本分科会は、消費者行動とマーケティング施策の関連性を深く理解し、効果的なマーケティング戦略を構築するための指針を示すとともに、現代の複雑なマーケティング環境に対応するための具体的な方法論を追求します。
<テーマ>
本分科会では、以下のテーマに取り組んでいきます。
- Web行動ログ(※)をデータソースに、生成AIやマーケティングリサーチも用いながら「カテゴリーエントリーポイント(CEP)」を発見する
- CEP管理におけるオンライン接点の役割とその影響を検証する
※モニターパネルからパーミッションを得て収集したWeb上の行動ログデータ(URL、検索キーワード等)
<背景・ゴール>
エビデンスに基づくマーケティング研究で知られる南オーストラリア大学アレンバーグ・バス研究所のバイロン・シャープ教授は、ディスプレイ広告、検索連動広告、SNS広告、オウンドメディア、ECなどのデジタルタッチポイントを「オンラインのフィジカルアベイラビリティ」と述べています。

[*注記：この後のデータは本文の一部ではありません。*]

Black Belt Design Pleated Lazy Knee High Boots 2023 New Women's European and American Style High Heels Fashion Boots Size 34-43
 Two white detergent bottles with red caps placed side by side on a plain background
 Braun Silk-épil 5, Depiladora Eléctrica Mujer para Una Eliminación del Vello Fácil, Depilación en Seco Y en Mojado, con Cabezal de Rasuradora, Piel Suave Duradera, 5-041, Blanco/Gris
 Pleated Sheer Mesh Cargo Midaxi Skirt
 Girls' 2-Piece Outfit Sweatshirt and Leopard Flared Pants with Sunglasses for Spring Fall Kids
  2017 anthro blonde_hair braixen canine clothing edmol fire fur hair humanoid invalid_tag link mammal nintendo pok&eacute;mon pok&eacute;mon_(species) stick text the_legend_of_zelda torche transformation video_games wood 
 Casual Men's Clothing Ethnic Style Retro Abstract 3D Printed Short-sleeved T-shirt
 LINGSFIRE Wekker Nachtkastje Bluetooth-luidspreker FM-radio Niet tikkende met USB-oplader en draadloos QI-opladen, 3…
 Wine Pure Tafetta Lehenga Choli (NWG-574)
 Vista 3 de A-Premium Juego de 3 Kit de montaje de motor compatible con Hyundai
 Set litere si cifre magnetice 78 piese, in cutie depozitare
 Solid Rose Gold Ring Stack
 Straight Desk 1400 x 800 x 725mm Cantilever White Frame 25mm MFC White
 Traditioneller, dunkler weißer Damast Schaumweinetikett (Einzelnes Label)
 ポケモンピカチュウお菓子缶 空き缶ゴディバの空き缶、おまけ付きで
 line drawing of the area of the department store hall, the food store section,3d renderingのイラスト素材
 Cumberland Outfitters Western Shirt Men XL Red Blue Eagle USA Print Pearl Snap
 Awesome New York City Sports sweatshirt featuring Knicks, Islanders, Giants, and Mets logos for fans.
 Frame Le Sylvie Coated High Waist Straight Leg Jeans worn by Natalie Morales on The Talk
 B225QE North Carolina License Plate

この背景の下で、消費者の需要発生(CEP)から購買までのプロセスを理解することは、効果的なマーケティング戦略の構築には欠かせません。しかし、具体的にどのカテゴリーでどのようなCEPが購買に影響し、それがどのように管理されるべきかについては未だ明確でない部分も多い状況です。
そこで、本分科会では以下の2つをゴールに設定しています。
- デジタル上の行動データからLTV(顧客生涯価値)の高いCEPを発見する手法を確立する
- デジタルリーチの価値を明確化し、デジタル媒体選定の具体論を導き出す
<リサーチクエスチョン>
1.LTVの高いCEPの発見
- LTVの高いCEPをどのように見つけ出せるか?
- 特定のCEPから入ってきた消費者が重要視する商品属性や、コンバージョン率の高い属性は何か?
- 消費者が使用する検索ワードに基づいた効果的なメッセージングとは?
- 消費者の判断基準に即したコンテンツの有効性は?
- 特定のコンテンツが離反率に与える影響とは?
2.デジタルリーチとメディア選定の具体論
- どのデジタルメディアがどのような効果を持つのか?
- 各メディアの効果/効率、収穫逓減カーブは?
- カテゴリーごとに短期アクティベーションが強いメディアはどれか?
- カテゴリーごとに効果的なメディアの組み合わせは?
生成AI応用研究分科会
本分科会は、会員社の方であれば、どなたでもご参加いただけます。
ご興味のある方は事務局( access@ebmi.jp/担当:新井)までお問い合せください。
<テーマ>
本分科会では、マーケティングの各プロセス(調査・分析、戦略立案、施策開発、実行・効果検証)において、生成AIが力を発揮する領域を洗い出し、具体的な活用方法、プロンプト開発を研究します。
人間が担うべき判断やクリエイティブ性と、AIの自動化・拡張性との組み合わせによって、新たな価値を生み出す可能性を探求していきます。
<背景・ゴール>
生成AIは急速に進化しており、マーケティング業務の効率化や高度化に大きく寄与すると期待されています。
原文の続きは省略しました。